In un comunicato, il Vaticano sottolinea che il provvedimento "è da ricollegarsi, pur nel rispetto del principio della presunzione di innocenza, a quanto emerso dai primi interrogatori dei funzionari indagati e a suo tempo sospesi dal servizio". L’Ufficio del Promotore e il Corpo della Gendarmeria proseguono negli accertamenti di carattere amministrativo-contabile e nelle attività di cooperazione con le Autorità investigative straniere.
Lo scorso ottobre l'inchiesta - partita dalle denunce di Ior e del Revisore - aveva portato alla perquisizione di documenti e apparati elettronici presso alcuni uffici della prima sessione della Segreteria di Stato e dell'Aif (l'Autorità di Informazione finanziaria) e aveva visto cinque dipendenti della Santa Sede indagati e sospesi. Il sesto indagato è ora monsignor Perlasca, comasco, 59 anni, dal luglio 2019 Promotore di Giustizia sostituto presso il Supremo Tribunale della Segnatura apostolica.

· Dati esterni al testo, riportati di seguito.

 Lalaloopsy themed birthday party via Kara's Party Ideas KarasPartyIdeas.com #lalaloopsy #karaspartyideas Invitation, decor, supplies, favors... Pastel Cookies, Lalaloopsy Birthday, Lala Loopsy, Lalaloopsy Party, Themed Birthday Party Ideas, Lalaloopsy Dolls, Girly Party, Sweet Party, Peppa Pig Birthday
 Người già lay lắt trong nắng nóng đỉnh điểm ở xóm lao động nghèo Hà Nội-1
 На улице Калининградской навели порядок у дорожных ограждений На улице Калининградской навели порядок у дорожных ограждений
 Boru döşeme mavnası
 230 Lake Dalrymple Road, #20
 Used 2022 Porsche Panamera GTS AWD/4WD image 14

Sul volo di ritorno dal viaggio apostolico in Thailandia e Giappone, Papa Francesco aveva parlato di uno "scandalo" ma al tempo stesso aveva fatto notare che era "la prima volta" che in Vaticano "la pentola" veniva "scoperchiata da dentro e non da fuori", sottolineando quindi che il funzionamento del sistema di controllo messo in piedi dai tempi di Benedetto XVI. "Il Revisore - aveva aggiunto il Pontefice - ha avuto il coraggio di fare una denuncia scritta contro cinque persone", "bloccate perché c'erano indizi di corruzione".
Le ipotesi di reato: corruzione, peculato e abuso di autorità
Anche aprendo l'anno giudiziario in Vaticano, lo scorso 15 febbraio, Francesco ha accennato all'inchiesta parlando di “situazioni finanziarie sospette, che al di là della eventuale illiceità, mal si conciliano con la natura e le finalità della Chiesa, e che hanno generato disorientamento e inquietudine nella comunità dei fedeli”.

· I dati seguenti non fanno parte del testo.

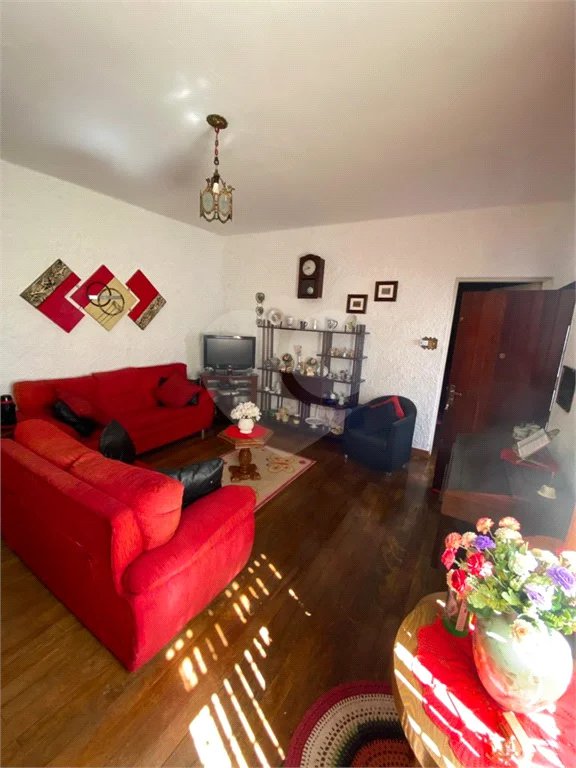 2 casas térreas em 1terreno no Anália Franco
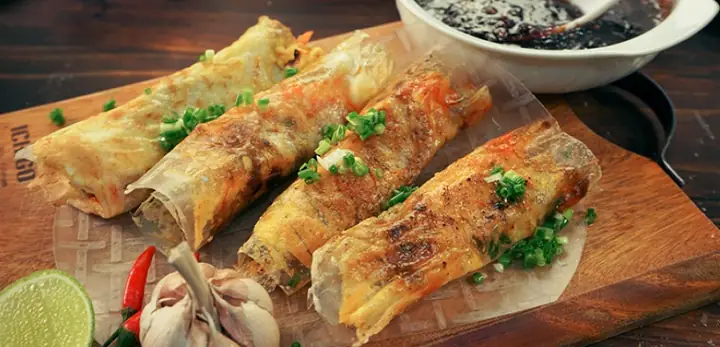 Cách Làm Bánh Tráng Mắm Ruốc Chuẩn Vị Miền Trung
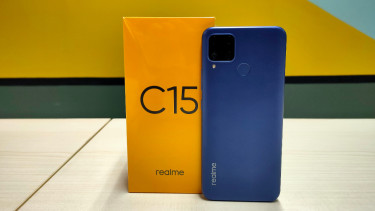 Realme C15.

Ieri il cardinale Angelo Becciu, prefetto della Congregazione per le Cause dei Santi, durante la presentazione di un libro, ha nuovamente smentito che le operazioni finanziarie hanno interessato i soldi dell'Obolo di San Pietro. "Non abbiamo mai utilizzato i soldi per i poveri per fare speculazioni", ha rimarcato Becciu che ha precisato: "Abbiamo acceso un mutuo. I fondi sono lì. Era un'occasione propizia per sfruttare meglio capitali che la Segreteria di Stato dispone. È prassi che la Santa sede investa in palazzi e poi era un'occasione buona e opportuna perché con la Brexit il valore di questa casa è triplicato".